Data for review.
# # # # #

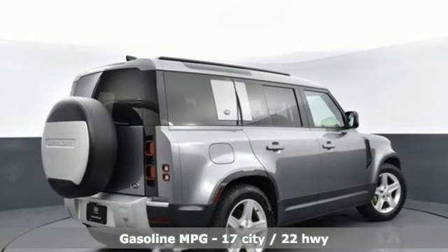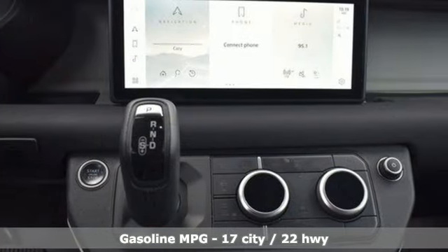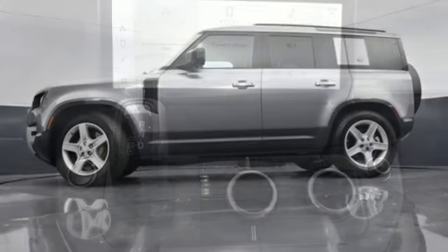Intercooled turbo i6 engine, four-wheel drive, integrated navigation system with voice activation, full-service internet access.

# # # # #

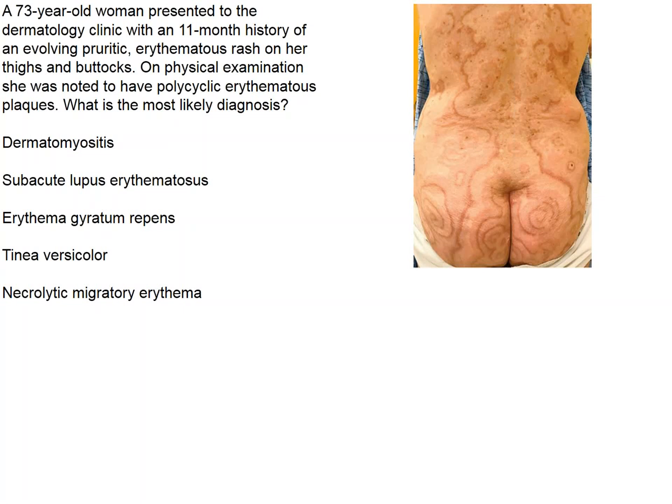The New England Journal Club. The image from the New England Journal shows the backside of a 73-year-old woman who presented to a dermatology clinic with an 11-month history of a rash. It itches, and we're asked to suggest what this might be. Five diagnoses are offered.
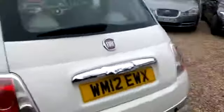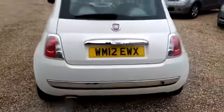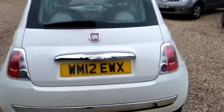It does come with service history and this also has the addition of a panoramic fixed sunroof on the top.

# # # # #

About this task. Go back to the lines above and output, exactly as they stand, the ones from the line containing "The New England Journal Club." to the line containing "It does come". Leave all pictures behind.

Result below.
The New England Journal Club. The image from the New England Journal shows the backside of a 73-year-old woman who presented to a dermatology clinic with an 11-month history of a rash. It itches, and we're asked to suggest what this might be. Five diagnoses are offered.
It does come with service history and this also has the addition of a panoramic fixed sunroof on the top.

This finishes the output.